Indications, juin 1992, par Hubert Thomas
Peut-être pourrait-on titrer ce livre : Les contraintes de l’écriture ? Mais, bien sûr, ce n’est pas là un bon titre pour un roman. Pourquoi écrit-on ? Plus précisément, pourquoi s’impose-t-on les contraintes de l’écriture ?
Des contraintes, le narrateur qui achève d’écrire un roman, s’en est donné. Et l’ouvrage d’Hugo Marsan se livre en quelque sorte à une exploration de ces contraintes, sous la forme d’une narration. Enfermé dans une chambre sans lumière, fixé à son écran d’ordinateur, l’écrivain connaît les affres du dernier chapitre. Car, c’est toujours la même question : comment faire une bonne fin ? Il a accepté le départ provisoire de Jane, sa compagne. « Ne fallait-il pas se séparer des êtres aimés pour finir le roman ? » Homme en prison, homme sans femme.
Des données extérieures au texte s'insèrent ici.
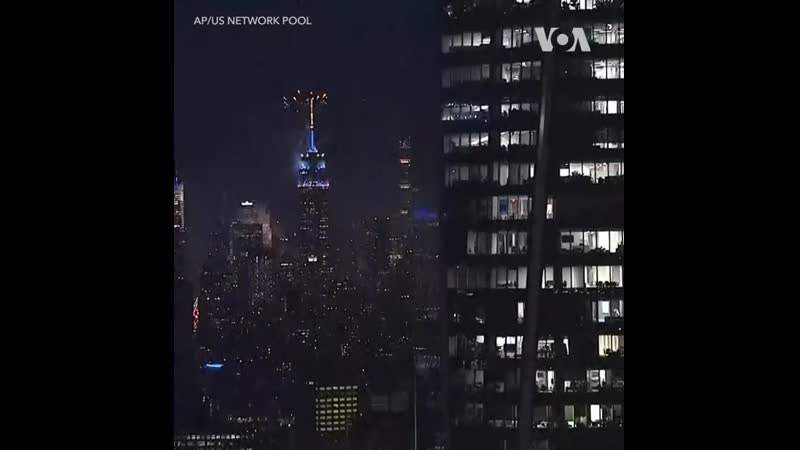 В честь дня независимости салют, запущенный с вершины эмпайр стейт билдинг, озарил небо над манхэттеном 🇺🇸4 июля сша отпраздн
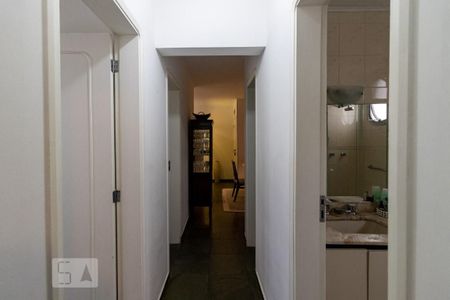 Corredor quartos de apartamento à venda com 3 quartos, 90m² em Moema, São Paulo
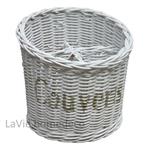 Landelijke bestekmand van wit riet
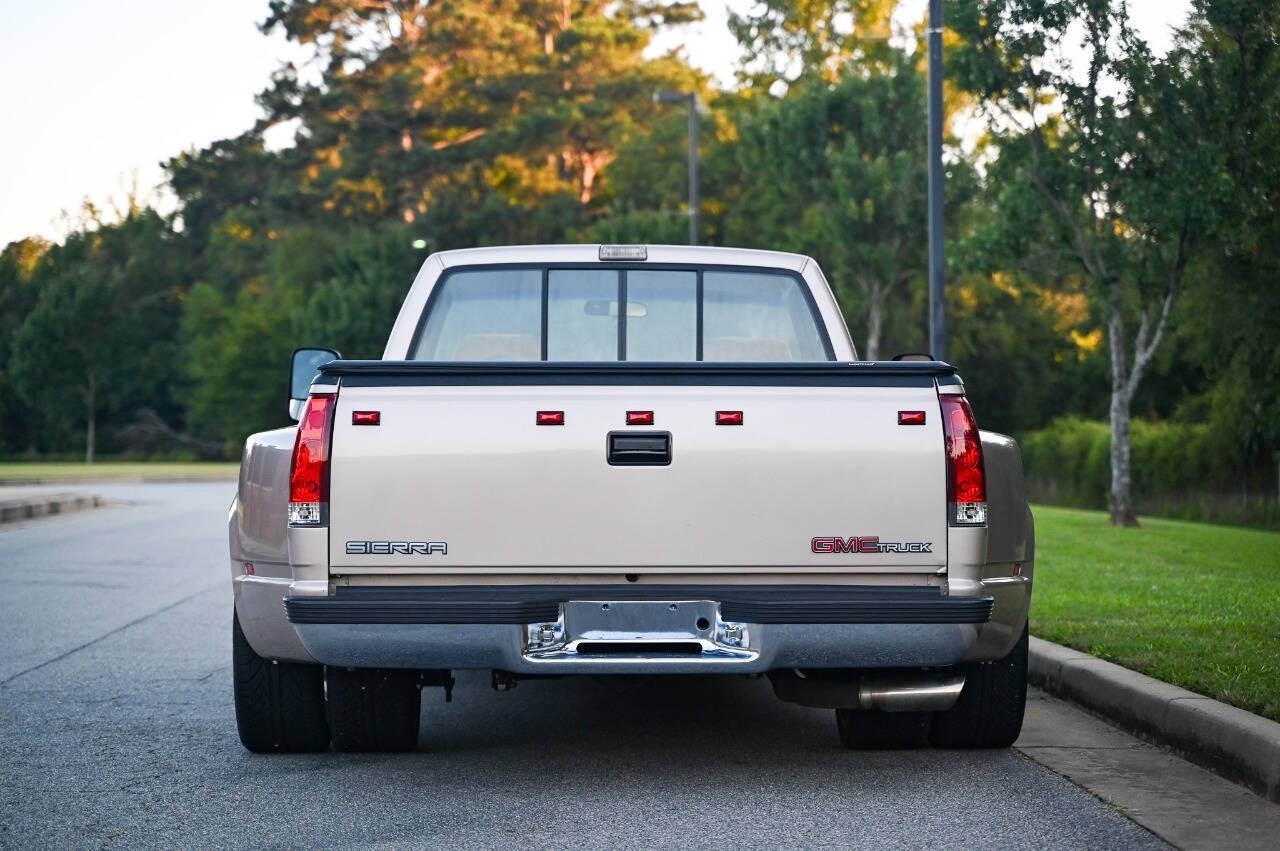 GMC-Sierra-3500-1992-Pickup-Truck-20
Homme des douleurs, pourrait-on dire, il connaît jusque dans son corps la passion douloureuse du verbe fait chair. Car le corps de l’écrivain parle, avec ses malaises, de son déchirement. Ce n’est pas pour rien que l’on passe sans cesse du corps souffrant au corps de Jane et à la rédemption qu’il promet, notamment par l’enfant à venir.
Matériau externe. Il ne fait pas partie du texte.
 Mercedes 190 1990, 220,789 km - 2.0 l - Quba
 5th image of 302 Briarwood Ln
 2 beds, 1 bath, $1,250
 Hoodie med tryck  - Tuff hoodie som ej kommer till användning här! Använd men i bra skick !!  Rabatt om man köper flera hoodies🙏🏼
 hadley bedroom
Se déplaçant de son traitement de texte au balcon de sa chambre, l’écrivain inscrit un va-et-vient permanent à son écriture. Est-on dans son roman en train de s’écrire ? Est-on dans ses souvenirs ? Est-on dans le réel de sa relation aux autres ? C’est indécidable. Sans doute l’écrivain est-il pris dans ces directions diverses qui toutes pourtant le constituent. Le balcon ne serait-il pas ici comme un lieu symbolique qui jouerait comme l’unité d’espace, mais à titre résiduel, du théâtre classique ? Car le balcon revient à plusieurs reprises. Ce n’est pas seulement le balcon d’Angelo où s’est inaugurée la relation à sa nouvelle compagne, Jane. C’est le balcon de la maison de repos où gît la mère devenue la proie de l’ombre amnésique. C’est le balcon où il s’évade quelque temps de son texte. Mais venir au balcon et s’y pencher, n’est-ce pas convoquer encore autre chose ? Oui, l’image d’un jeune soldat pendant la guerre d’Algérie qui, par trop de peur, s’est lancé dans le vide du haut d’un mirador. Tout cela revient. Puits d’eaux mortes, puits d’eaux vives où s’irrigue l’épreuve de l’écriture.
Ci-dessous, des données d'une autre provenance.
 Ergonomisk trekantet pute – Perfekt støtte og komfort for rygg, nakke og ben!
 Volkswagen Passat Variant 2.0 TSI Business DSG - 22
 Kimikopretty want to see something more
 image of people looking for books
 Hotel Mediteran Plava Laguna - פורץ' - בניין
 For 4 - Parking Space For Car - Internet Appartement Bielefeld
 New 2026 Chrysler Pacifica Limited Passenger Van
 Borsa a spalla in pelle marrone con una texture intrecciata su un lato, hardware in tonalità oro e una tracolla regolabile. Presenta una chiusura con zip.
Pourquoi s’impose-t-on les contraintes de l’écriture ? La force du roman de Hugo Marsan vient de ce que cette question de fond n’est pas esquivée, mais regardée en face. Non seulement regardée, mais habitée de l’intérieur, reprise. Même si l’on sait que la vérité de sa réponse taraude le corps, fait lever les souvenirs du malheur et renvoie aux commencements.
« Pourquoi ne pas dire simplement que je m’impose les contraintes de l’écriture parce qu’on ne m’a pas enseigné le bonheur ? ». Mais justement rien n’est moins simple à dire. Est-il si simple de reconnaître : « Aussi loin qu’il remonte dans sa mémoire le soleil est caché par le corps d’une femme dont il ne supporte pas la souffrance. Il était la cause de son malheur » ? On voudrait être comme les autres, avoir été un enfant comme les autres. Mais « elle (sa mère) lui avait appris la peur ». Cela est dit et il en coûte toujours de le dire.
L’imaginaire, c’est le domaine de l’écrivain. On aurait tort d’y voir toujours un pays de merveilles. « Sait-il déjà qu’il a choisi cette part de vie qui renie la vie : l’imaginaire. » Hugo Marsan nous rappelle que la vérité d’une écriture peut être aussi une vérité souffrante. Il le fait sans apitoiement, sans amertume. Avec une belle sobriété.